TL;DR
This paper constructs a derivator structure for the category of setoids without relying on the axiom of choice, revealing implications for constructive homotopy theory and the nature of setoids.
Contribution
It demonstrates that the category of setoids can be enhanced to a derivator, providing a new universal cocompletion perspective in constructive mathematics.
Findings
The derivator of setoids can be constructed without the axiom of choice.
This derivator is the free cocompletion of a point among 1-truncated derivators.
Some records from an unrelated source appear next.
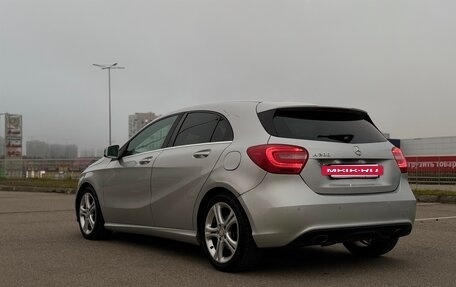 Mercedes-Benz A-Класс, 2014 год, 1 210 000 рублей, 5 фотография
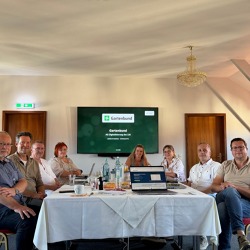 Zwei intensive Tage f&uuml;r die digitale Zukunft &ndash; Klausurtagung der AG Digitalisierung des LSK in Freiberg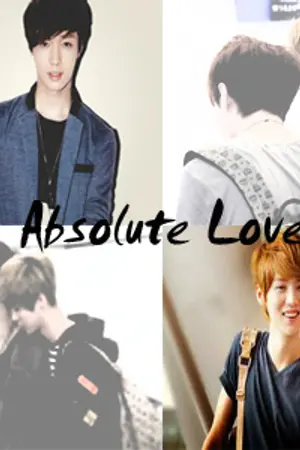 ปกนิยาย [LayLu] ::: Absolute Love :::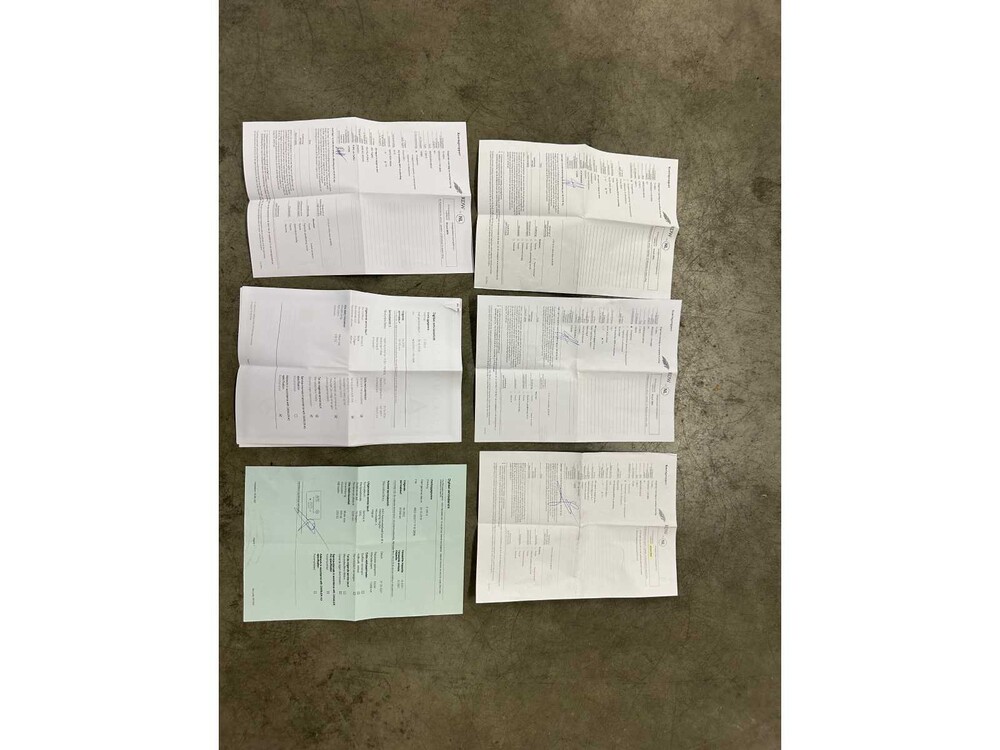  Mercedes-Benz C200d AMG Kombi Business Solution (Facelift) 150PS 2018 (Original-NL) C-Klasse, TV-909-L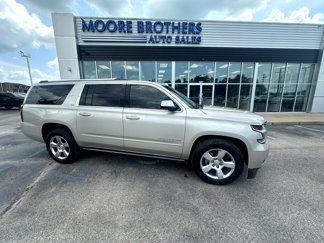 Used 2015 Chevrolet Suburban LTZ image 1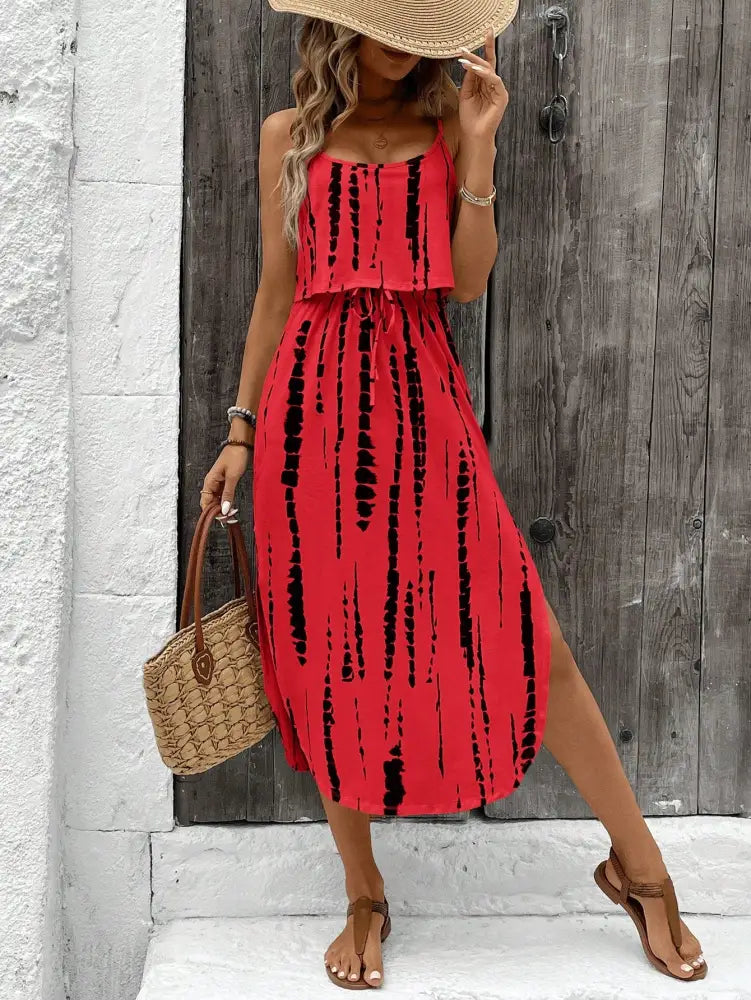 Vestido Arend Vermelho / Xs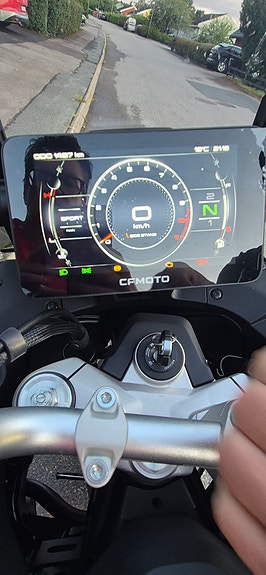 CFMOTO 800MT 3 of 7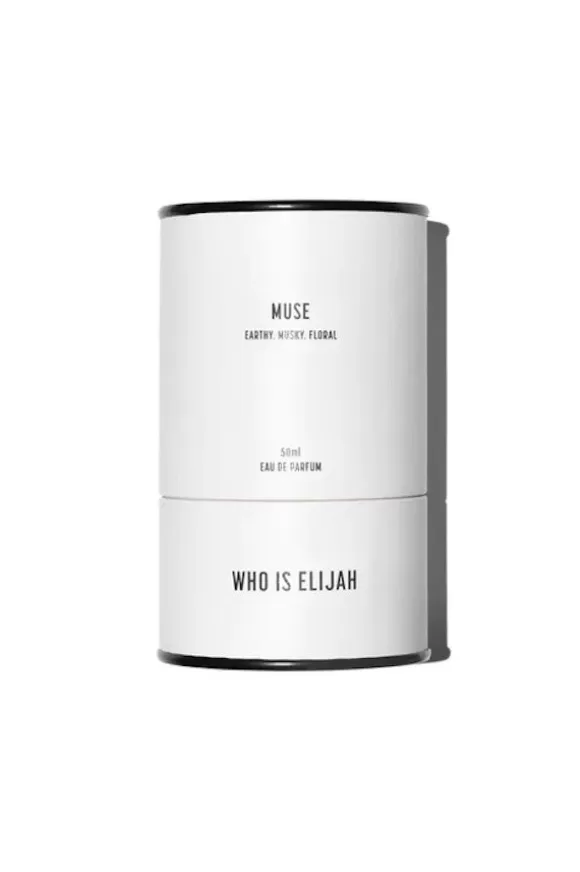 Women Who Is Elijah Perfume-Muse 50Ml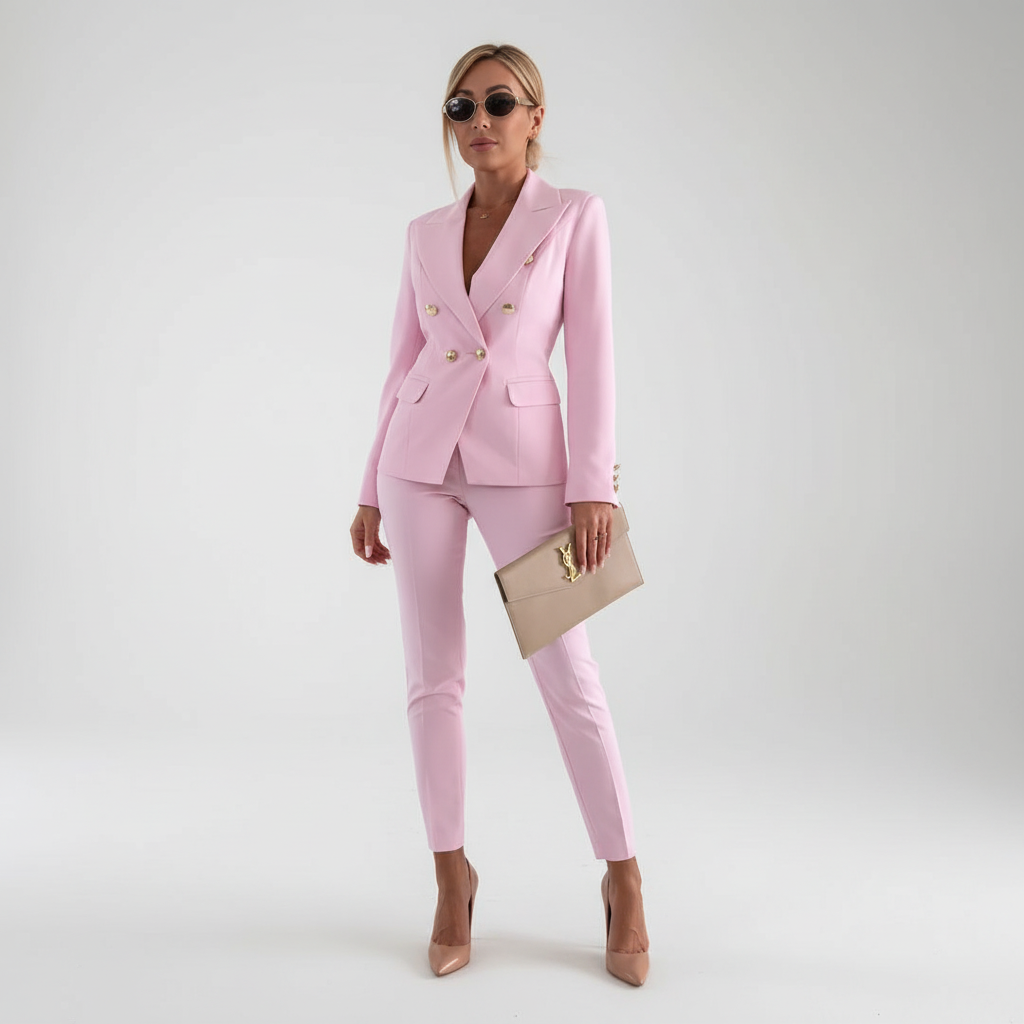 Ensemble de tailleur en deux pièces - Ariana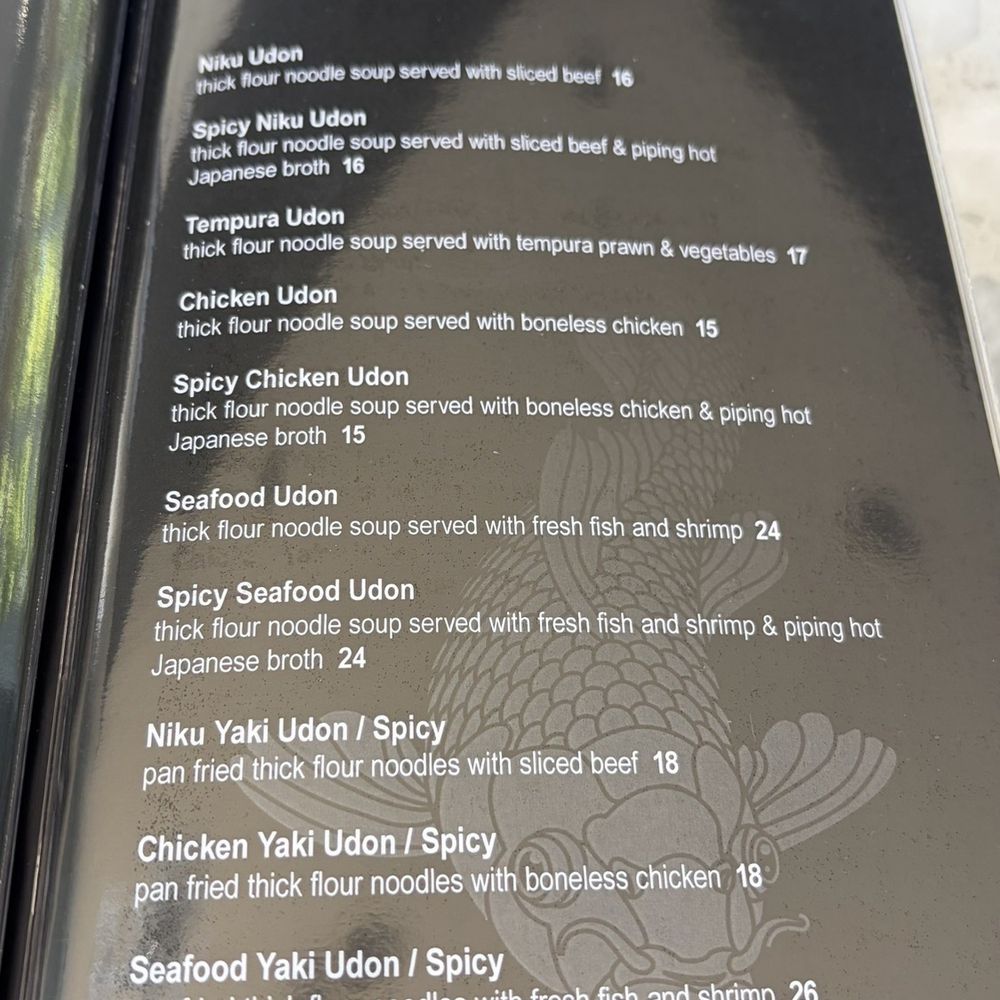 Amici Sushi - Menu - Sushi Bars Near Me - Lathrop, California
Implications suggest setoids are essential in constructive homotopy theory.
Abstract
Without the axiom of choice, the free exact completion of the category of sets (i.e. the category of setoids) may not be complete or cocomplete. We will show that nevertheless, it can be enhanced to a derivator: the formal structure of categories of diagrams related by Kan extension functors. Moreover, this derivator is the free cocompletion of a point in a class of "1-truncated derivators" (which behave like a 1-category rather than a higher category). In classical mathematics, the free cocompletion of a point relative to all derivators is the homotopy theory of spaces. Thus, if there is a homotopy theory that can be shown to have this universal property constructively, its 1-truncation must contain not only sets, but also setoids. This suggests that either setoids are an unavoidable aspect of constructive homotopy theory, or more radical modifications to the notion of homotopy…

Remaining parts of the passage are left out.